Largest of the damned is Satan. The impact of his fall from Heaven plunged him into the center of the earth, where he stands, waist-deep in the lake Cocytus, which is kept perennially frozen by the beating of his bat-like wings. The mouth of Satan’s central face—he has three—chews on Judas, who hangs there, headfirst, legs flailing.

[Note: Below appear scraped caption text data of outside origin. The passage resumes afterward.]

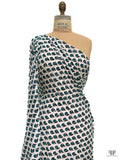 Floral Graphic Printed Tissue Cotton Jersey Knit - Teal / Black / Off-White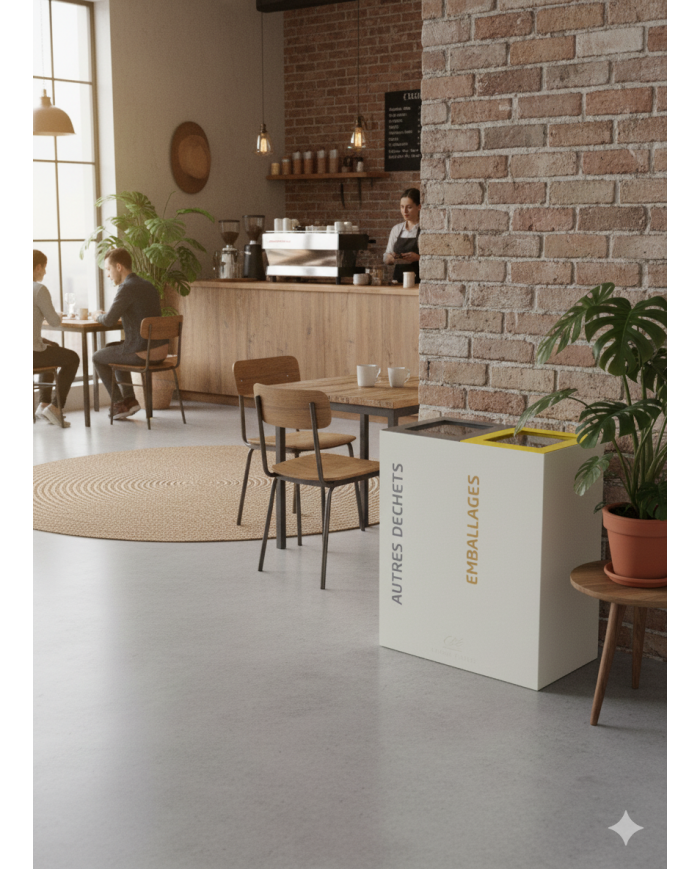 Poubelle de tri modulaire TERABIFLEX avec deux flux de déchets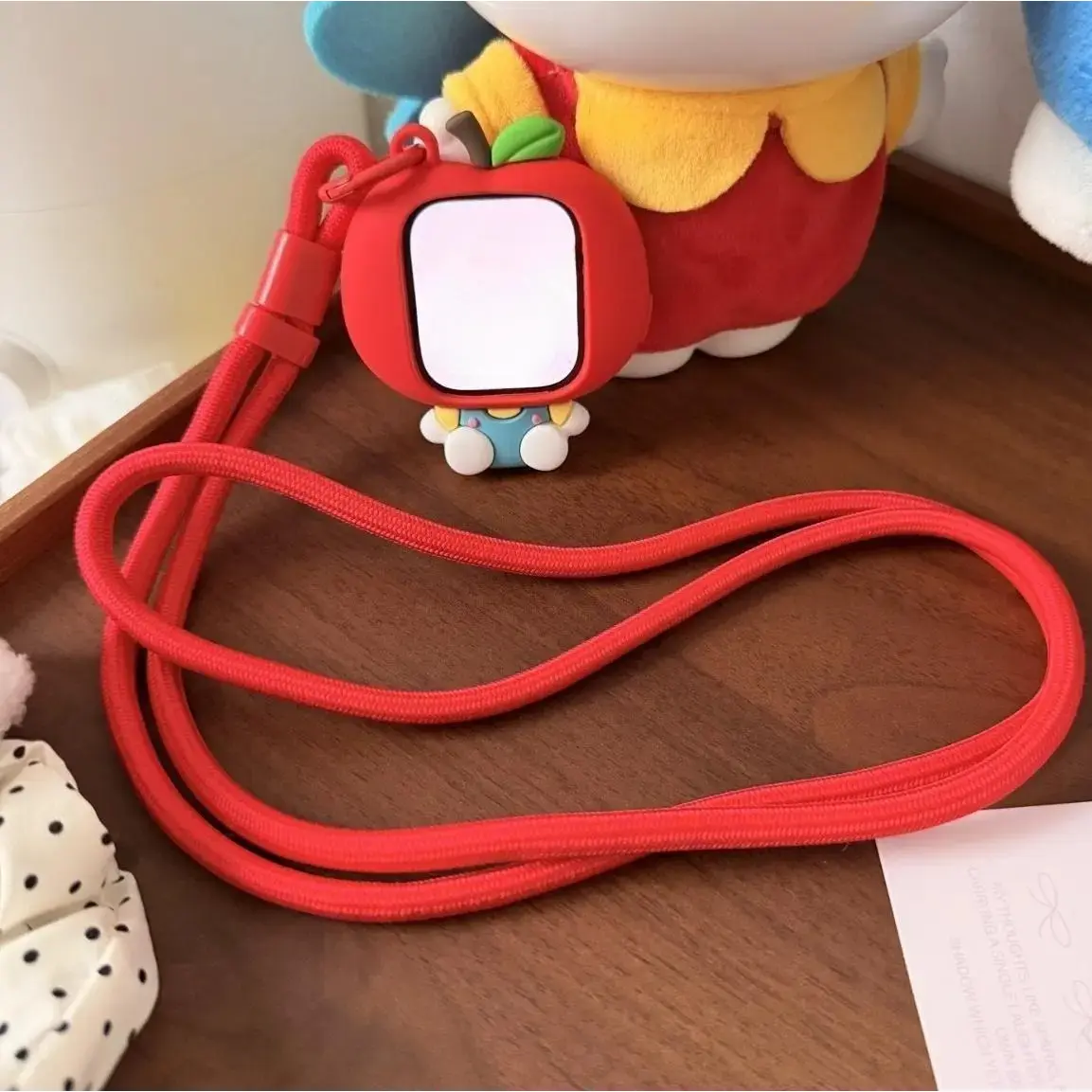 Kawaii 3D Silicone Smart Watch Case, Cute Shockproof Protective Cover with Lanyard, Girly All Size Watch Accessory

The sins of these two are theological: They betrayed God, and Christ. But the people in Satan’s remaining mouths, Brutus and Cassius, are there for very human reasons: They led the plot to murder Julius Caesar. It may take an effort to understand why Dante put them there. Our history and culture condition us to think of emperors, and would-be emperors such as Caesar, as villains. Shakespeare’s Brutus is noble, if indecisive; Cassius was a male first name in the highfalutin’ South (it was Muhammad Ali’s, before he changed it). For Dante, however, the Roman Empire was a symbol of society, of the way men live in this world. He knew that individual emperors could be weak or wrong (he put “hawk-eyed Caesar” in limbo, where virtuous pagans live without hope). But by murdering Caesar, Brutus and Cassius struck at human society itself.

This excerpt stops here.